» **Work request**
Here are the records. Write out exactly the lines between the one holding "6.3'' for Xiaomi" and the one holding "REPRISE DESIGNS Hall", inclusive.

» **Material for the task**
+-------+
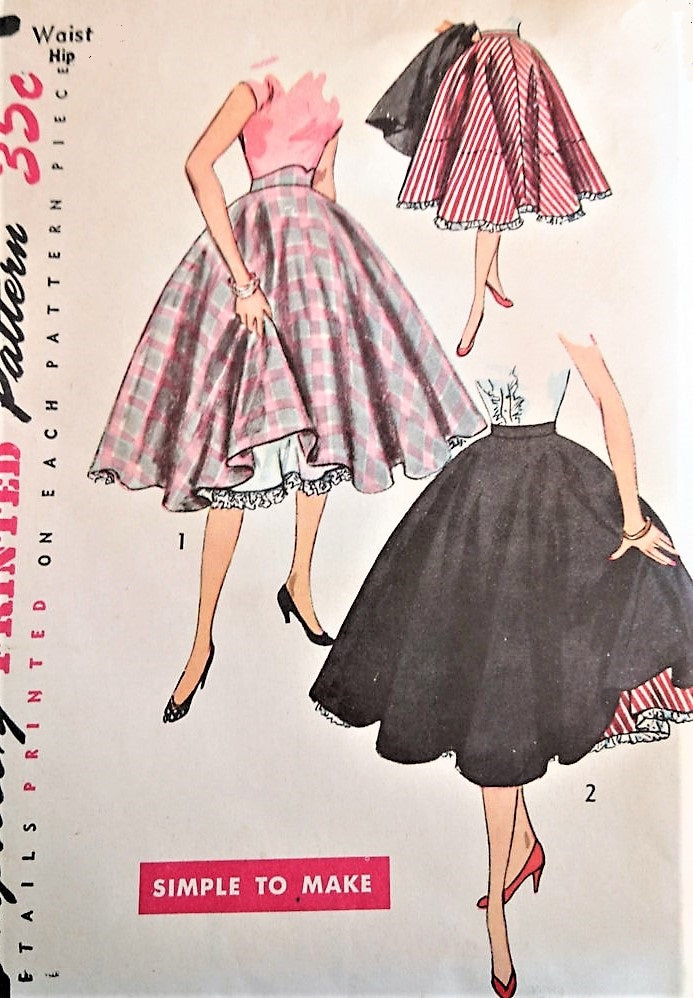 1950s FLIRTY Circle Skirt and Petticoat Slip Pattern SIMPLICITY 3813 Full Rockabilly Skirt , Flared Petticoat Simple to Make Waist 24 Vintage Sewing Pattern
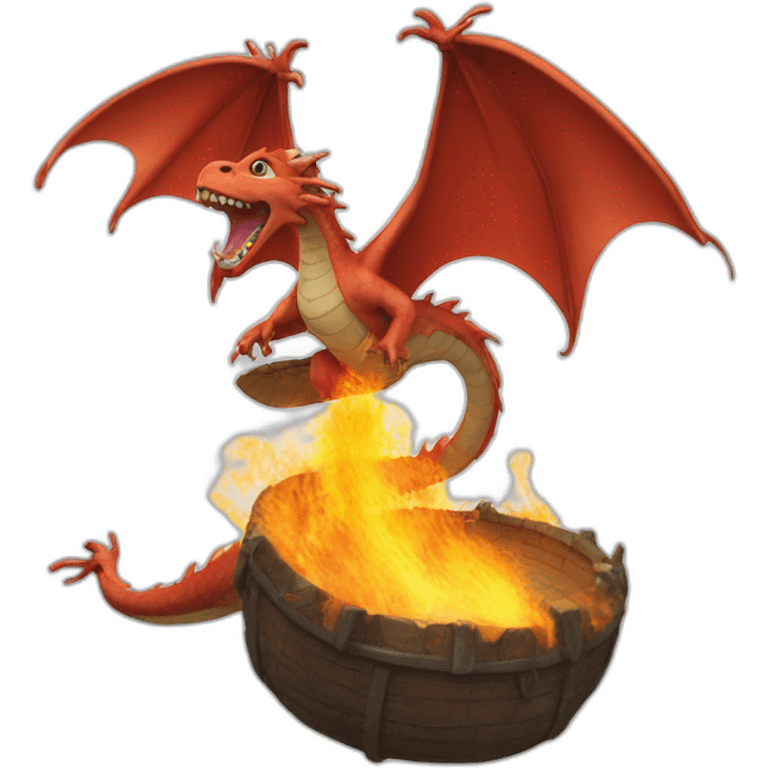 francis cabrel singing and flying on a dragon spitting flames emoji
+-------+
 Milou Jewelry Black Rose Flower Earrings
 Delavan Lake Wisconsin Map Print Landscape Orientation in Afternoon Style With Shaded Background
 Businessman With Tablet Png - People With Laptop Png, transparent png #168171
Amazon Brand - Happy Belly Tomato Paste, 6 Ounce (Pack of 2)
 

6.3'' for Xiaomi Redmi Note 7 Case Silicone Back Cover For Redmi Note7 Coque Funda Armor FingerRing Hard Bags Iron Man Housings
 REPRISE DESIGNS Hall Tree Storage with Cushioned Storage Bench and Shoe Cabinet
+-------+
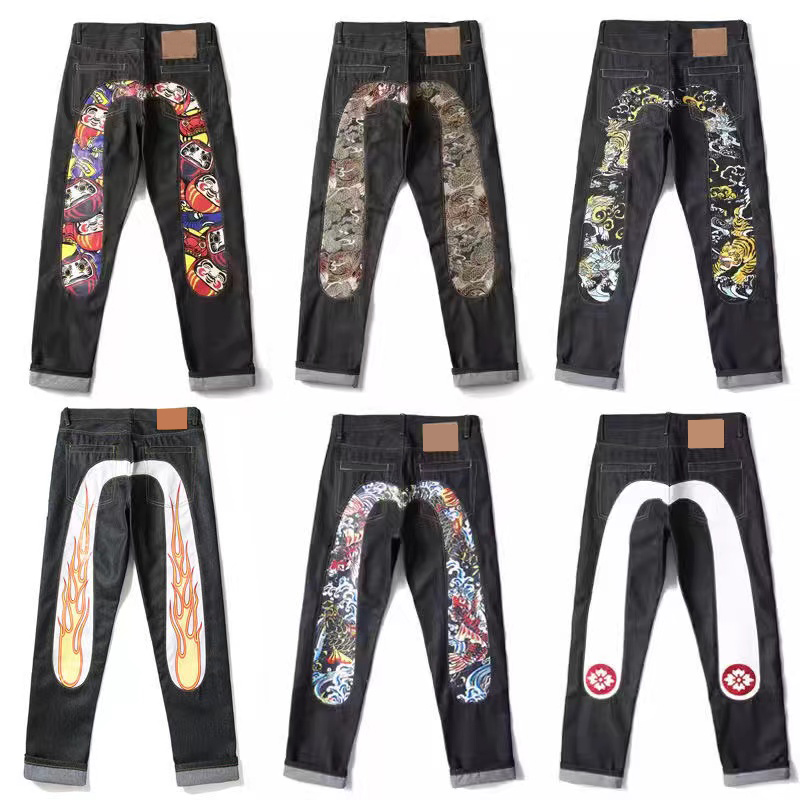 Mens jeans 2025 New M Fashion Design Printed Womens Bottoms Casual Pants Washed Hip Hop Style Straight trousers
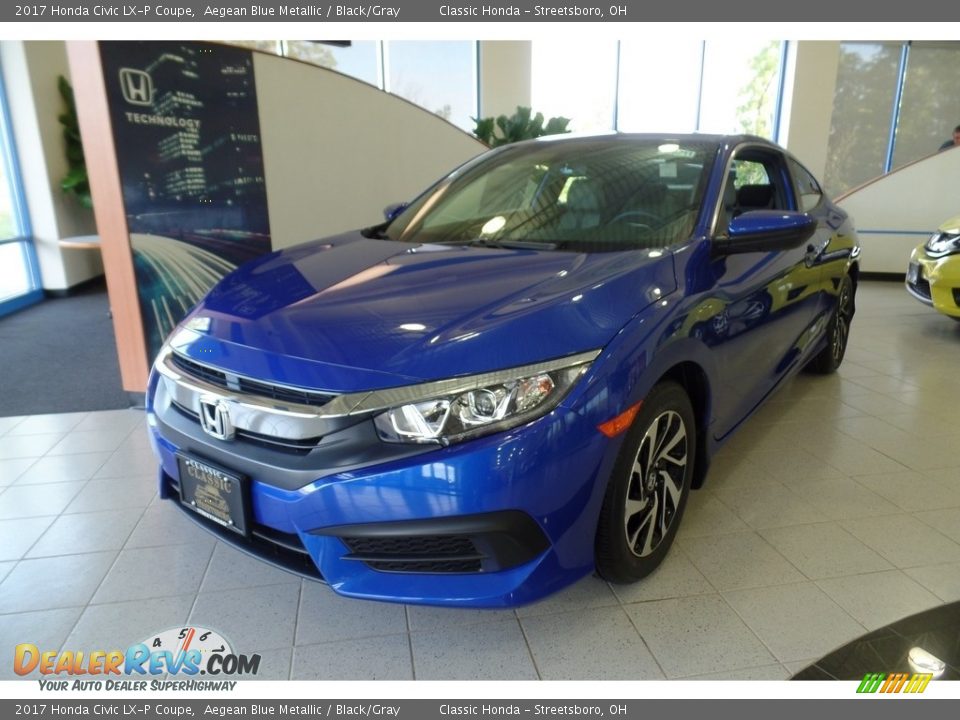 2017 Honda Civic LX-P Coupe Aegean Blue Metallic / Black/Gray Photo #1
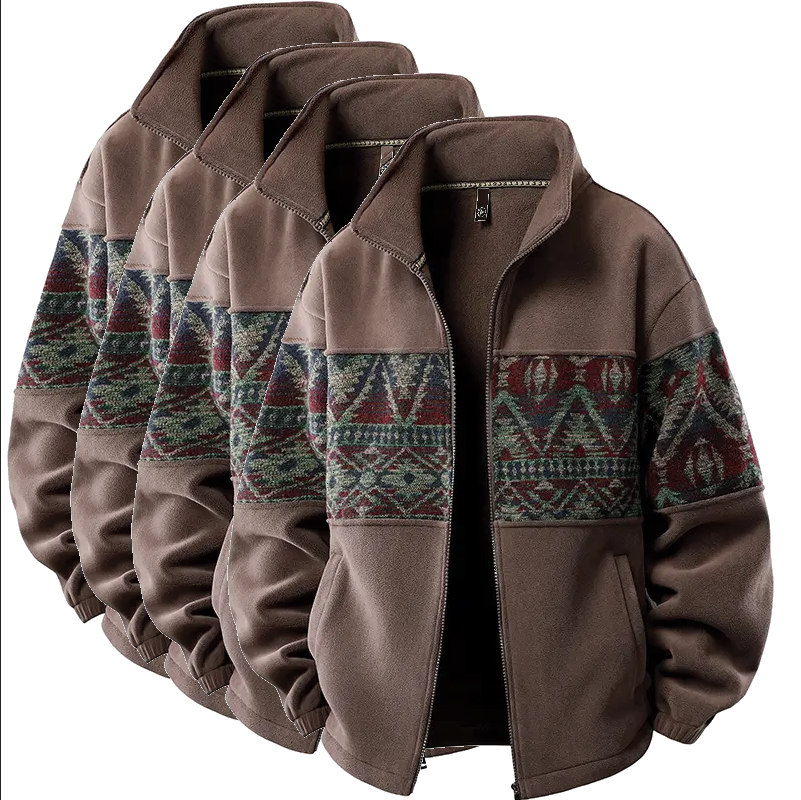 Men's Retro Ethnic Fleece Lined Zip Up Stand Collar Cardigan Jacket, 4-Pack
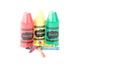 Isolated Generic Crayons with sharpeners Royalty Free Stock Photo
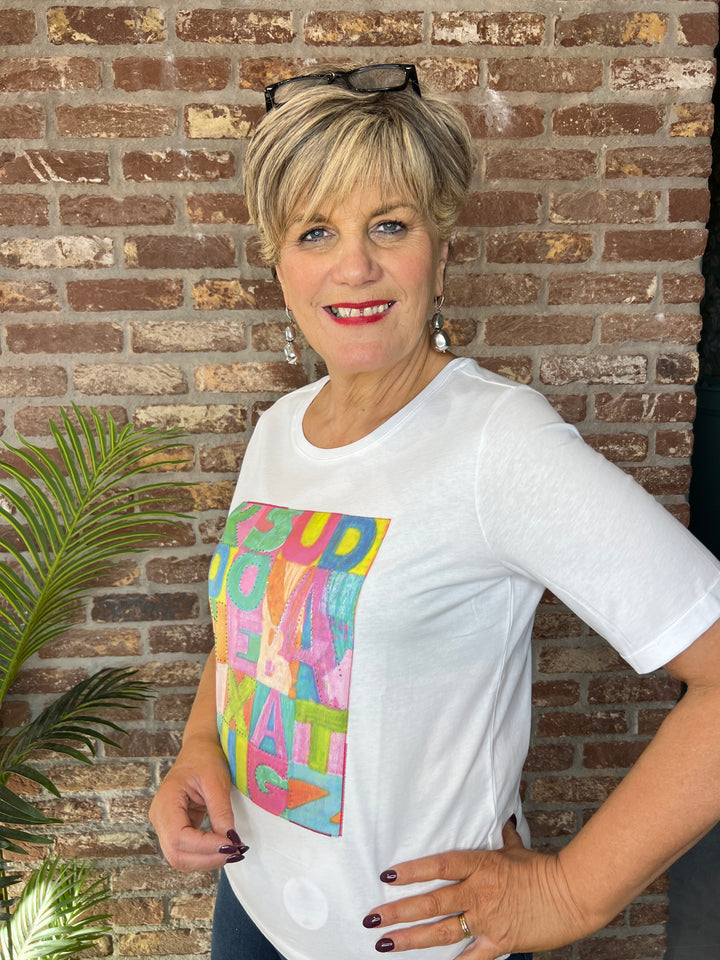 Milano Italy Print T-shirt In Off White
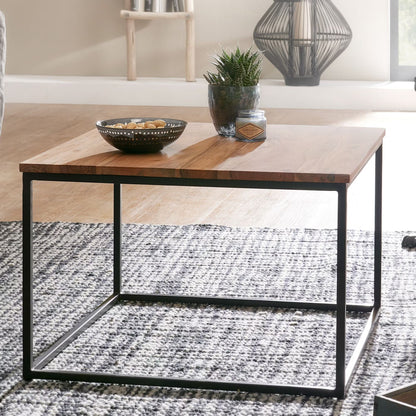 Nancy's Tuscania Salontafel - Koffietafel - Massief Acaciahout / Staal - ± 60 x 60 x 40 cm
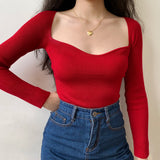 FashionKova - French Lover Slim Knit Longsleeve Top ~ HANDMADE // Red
+-------+
» **Result for this exercise**
6.3'' for Xiaomi Redmi Note 7 Case Silicone Back Cover For Redmi Note7 Coque Funda Armor FingerRing Hard Bags Iron Man Housings
 REPRISE DESIGNS Hall Tree Storage with Cushioned Storage Bench and Shoe Cabinet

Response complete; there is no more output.